▶ Exercise description
In your copy, leave out the pictures; write out all the data exactly.

▶ Data excerpt
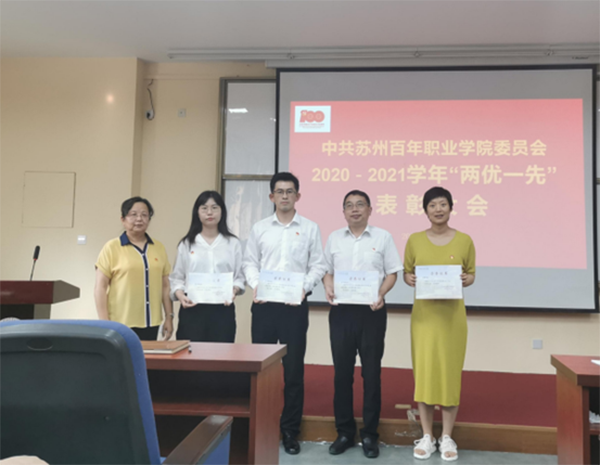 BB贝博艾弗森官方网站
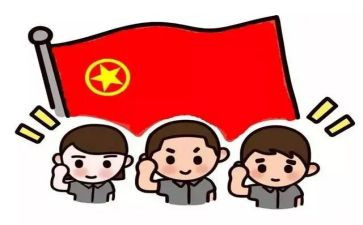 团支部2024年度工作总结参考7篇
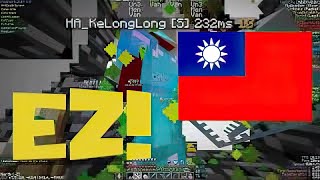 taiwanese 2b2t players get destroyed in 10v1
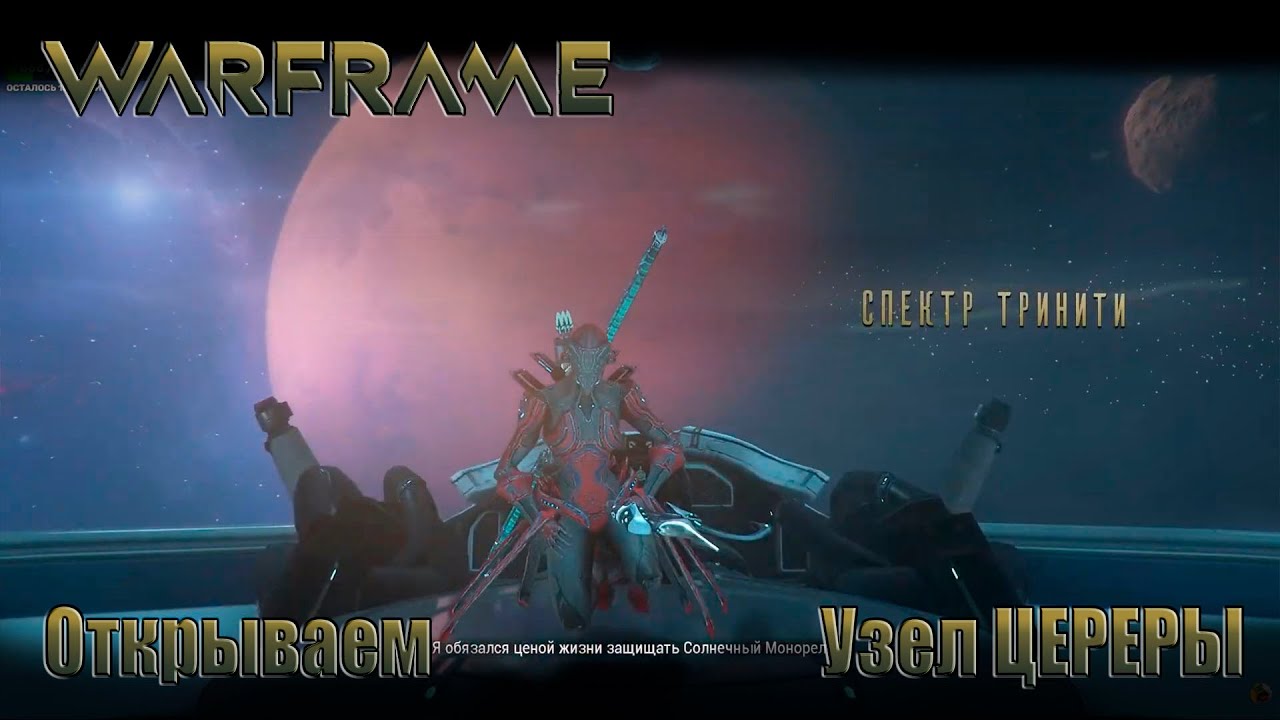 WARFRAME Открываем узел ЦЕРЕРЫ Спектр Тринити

▶ Answer
 BB贝博艾弗森官方网站
 团支部2024年度工作总结参考7篇
 taiwanese 2b2t players get destroyed in 10v1
 WARFRAME Открываем узел ЦЕРЕРЫ Спектр Тринити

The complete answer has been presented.